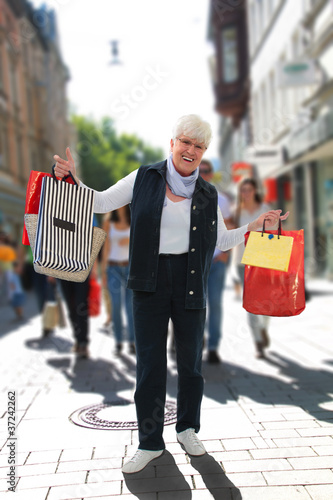 Photo: Seniorin beim Shopping in der Stadt Seniorin beim Shopping in der Stadt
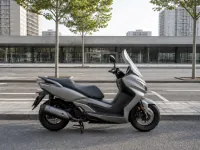 Kymco Xciting 250 — seitlich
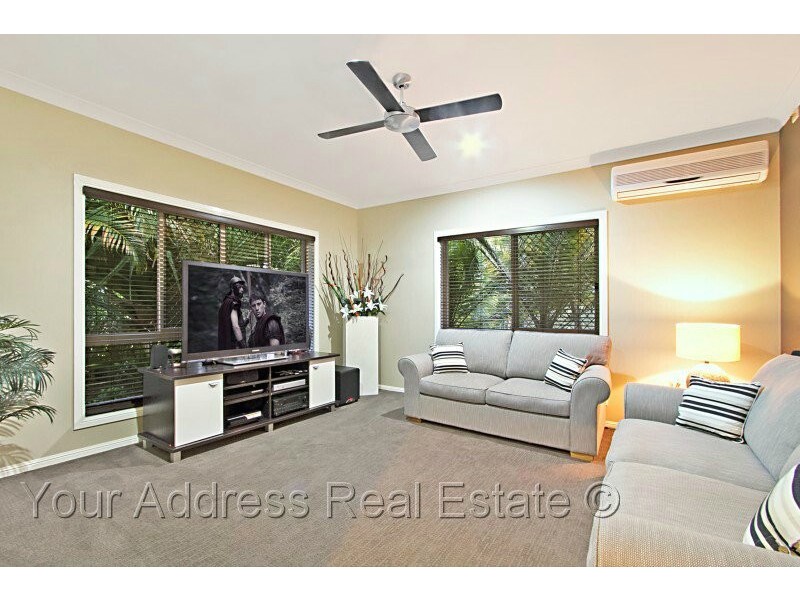 27 Merluna Road, Park Ridge South QLD 4125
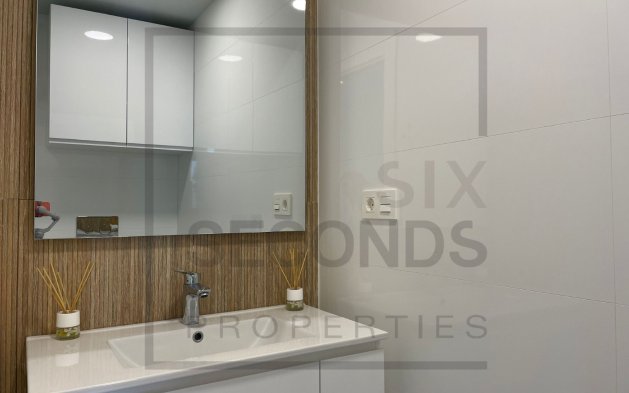 Odsprzedaż - Mieszkanie w bloku - Santa Pola - Gran Alacant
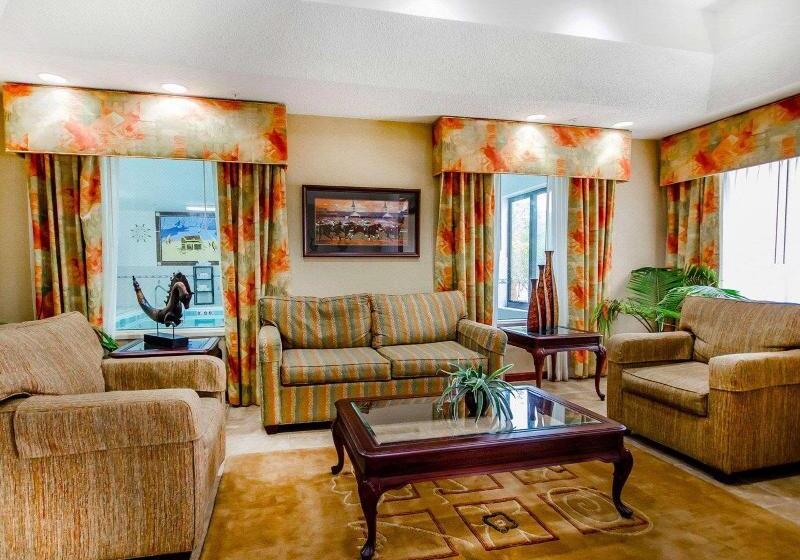 호텔 Comfort Inn & Suites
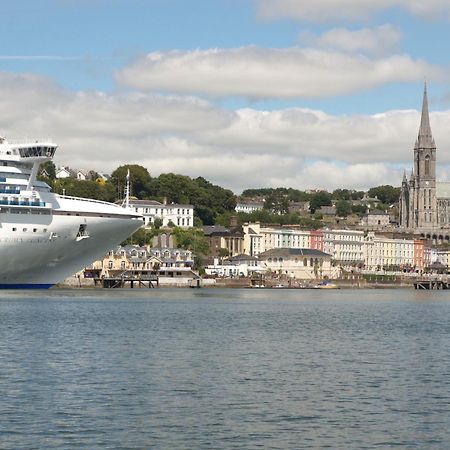 Commodore Hotel Cobh Eksteriør bilde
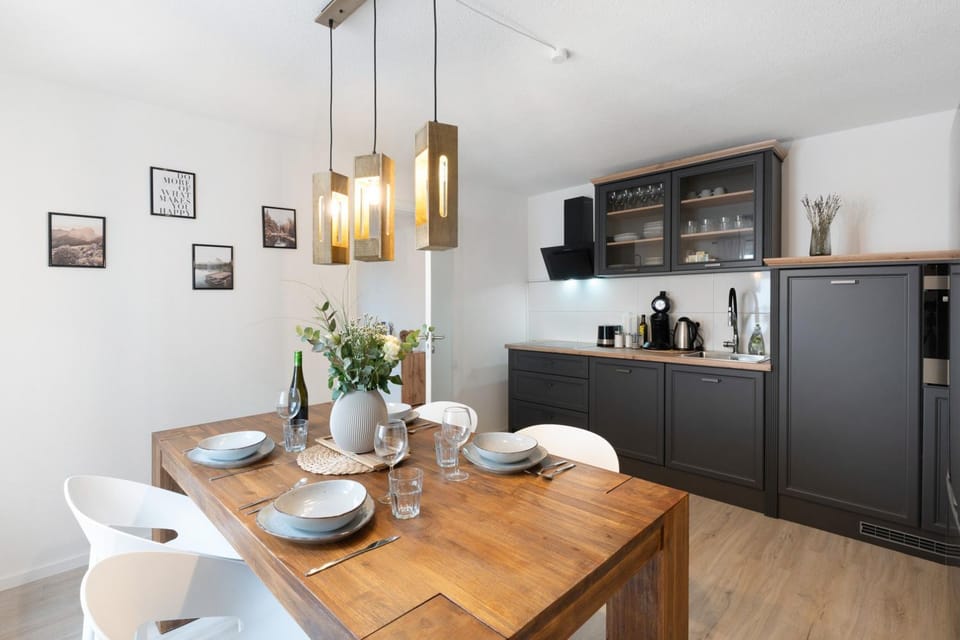 Property building, Kitchen or kitchenette, Living room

_EXERCISE INSTRUCTIONS_
A word-for-word copy is needed of the lines from the line with "호텔 Comfort Inn & Suites" through the last line of the entries above, with both ends kept and the pictures dropped.

_TASK RESULT_
 호텔 Comfort Inn & Suites
 Commodore Hotel Cobh Eksteriør bilde
 Property building, Kitchen or kitchenette, Living room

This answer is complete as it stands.